Das Thema Kommunismus ist nicht nur durch die Figuren, wie ‚Erich Honecker‘, ‚Karl Marx‘ oder ‚das Gespenst des Kommunismus‘ präsent, sondern wird auch in gegenwärtige Diskurse eingebunden und gewinnt so an Aktualität. Ein Mitglied des Proletariats fordert z.B. Brechts Absicht ein, das Theater der sog. Elite zu entziehen. Ein Verlangen, das sich zudem im Programm und in den Spielstätten des diesjährigen Brechtfestivals widerzuspiegeln scheint. Thematisch unterstreicht das der philosophische Dialog zwischen ‚Gott‘ und ‚Marx‘ über die Bedeutung von Glauben. ‚Marx‘ wirft ‚Gott‘ vor, sich seiner Aufgabe, die Welt zu einem besseren Ort zu machen, zu entziehen und die Menschen so sich selbst zu überlassen. Das Gespräch der ungleichen Gleichen endet nicht nur mit einem Kuss der Figuren, der sich für mich als Zuschauerin anfühlte wie ein schlechter One-Night-Stand, sondern auch in der Selbstreflektion der Figuren über sich als alte, weiße Männer. Durch das Aufgreifen dieser Formulierung aus feministischen Debatten wird auch hier das Publikum zum Nachdenken über Kanonisierung und dem Prestige männlicher Autoren in der Literatur angeregt.
Kurz vor Schluss, der Erlösung im Himmel scheinbar nahe, kommen drei der sieben Zwerge zu Wort.
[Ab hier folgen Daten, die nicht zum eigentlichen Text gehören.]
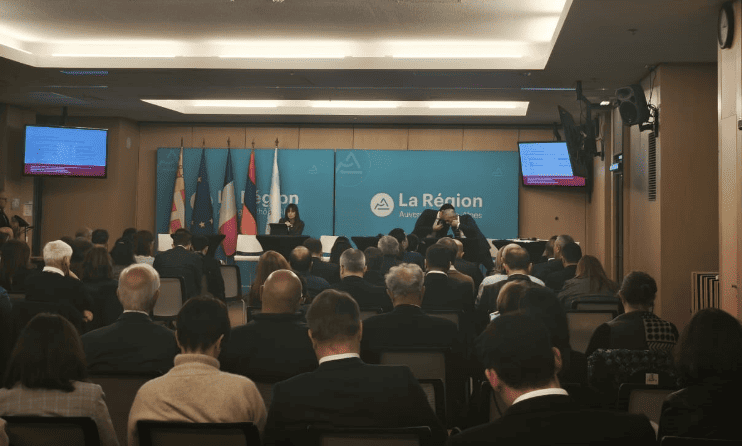 Enterprise_Events_Gallery – 55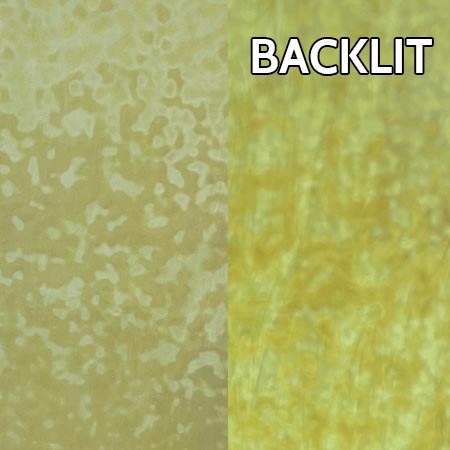 White/ Pale Silver Yellow White/ Pale Silver Yellow photo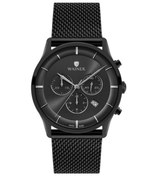 Resim Wainer WA.19961-C Erkek Kol Saati 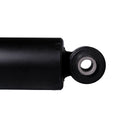 Amortiguadores Originales Ag Shock Ford Mark Lt 2006-2008 Traseros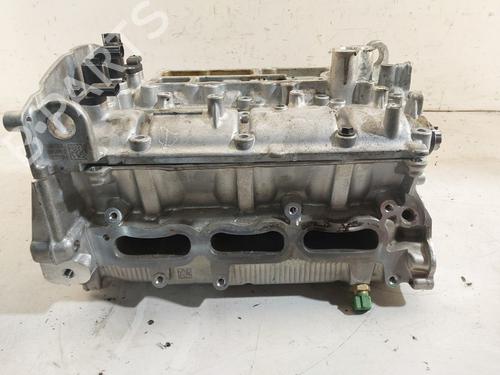Cylinder head VOLVO XC40 (536) T5 Plug-in Hybrid | BP39209692M5 - Image 4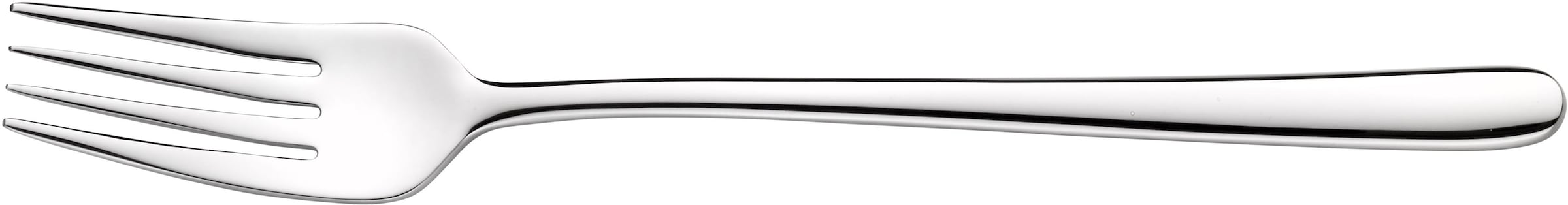 PINTINOX Besteck-Set »Iris« spülmaschinengeeignet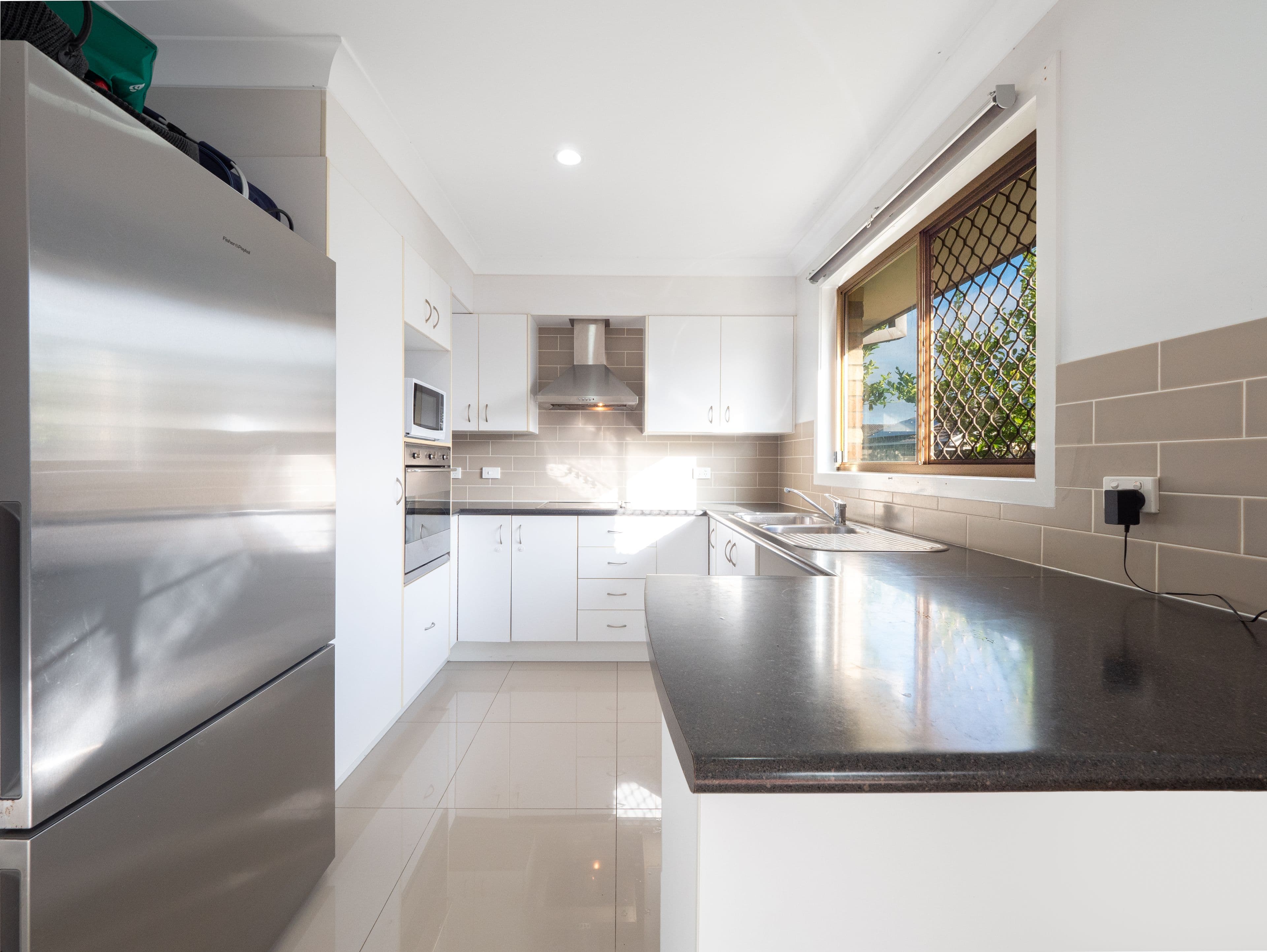14 Lake Wivenhoe Court, Logan Reserve QLD 4133, Logan Reserve - Thumbnail 5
Sie sollen „die kleinen Leute mit dem kleinen Portemonnaie“ darstellen und erklären sinnbildlich die mangelnden Aufstiegschancen in unserer Gesellschaft, definieren Brechts Proletariat neu und kritisieren die gesellschaftliche Akzeptanz von systemrelevanten, nicht-akademischen Jobs. Der Abend endete, wie er auch begonnen hatte, mit ‚Kafka‘, der im staubigen Licht in den Himmel geschickt wurde .Brechts Gespenster scheinen Ruhe gefunden zu haben und ich helle Begeisterung: das Zusammenspiel aus Bühnenbild, Musik, Schau- bzw. Puppenspiel und Lichttechnik war so detailreich und perfekt abgestimmt, dass sich die Leidenschaft des gesamten Teams nur auf das Publikum übertragen konnte.